What’s more, David Cameron in the U.K. and Spain’s Mariano Rajoy stand to do better at the ballot box than polls imply.
The reason is that each will benefit from recent declines in unemployment and inflation, according to London-based Goldman Sachs economist Lasse Holboell W. Nielsen, a former official in Denmark’s finance ministry.
Studying the relationship between economic developments and incumbents’ re-election prospects, Nielsen found the greatest impact is from how voters view their economy. Improving wages, slowing inflation and declining unemployment all bolster an existing government’s chances.
By contrast, he found little evidence that fiscal profligacy helps and that while overhauling labor markets may hurt prospects for a fresh term in office it does so only minimally.
The good news for incumbents as recessions become a memory is that “on average, economic conditions seem to suggest a slightly higher-than-normal government re-election probability across European elections this year,” Nielsen wrote in a report published yesterday.
His model, based on votes in developed economies during the past 25 years, suggests average economic conditions point to a 43 percent probability of governments being re-elected.
Zeroing in on six European countries voting this year, Nielsen finds an average chance of re-election of 58 percent across Denmark, Finland, Greece, Portugal, Spain and Britain.
Just allowing for economic conditions and ignoring country-specific factors, the chances of Rajoy and Portuguese Prime Minister Pedro Passos Coelho winning re-election are much higher than the average of 43 percent, Nielsen said.

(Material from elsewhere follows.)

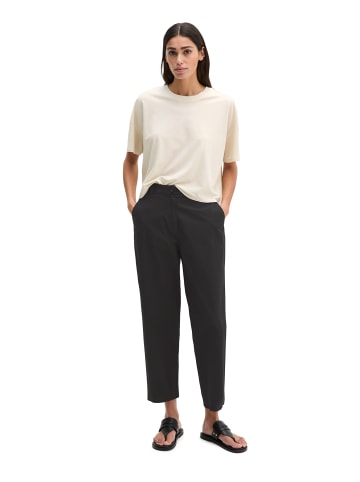 Marc O'Polo T-Shirt loose in Grey Silk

Finland’s Alexander Stubb has a lower re-election probability, while Cameron — trailing the opposition Labour party in the polls — and Denmark’s Helle Thorning-Schmidt also have above-average probabilities of success. The Greek re-election prediction is close to the 43 percent average.
By contrast, Samaras’s New Democracy party had 27 percent support in a poll released on Friday by Pulse for Action24, three percentage points behind the opposition Syriza party.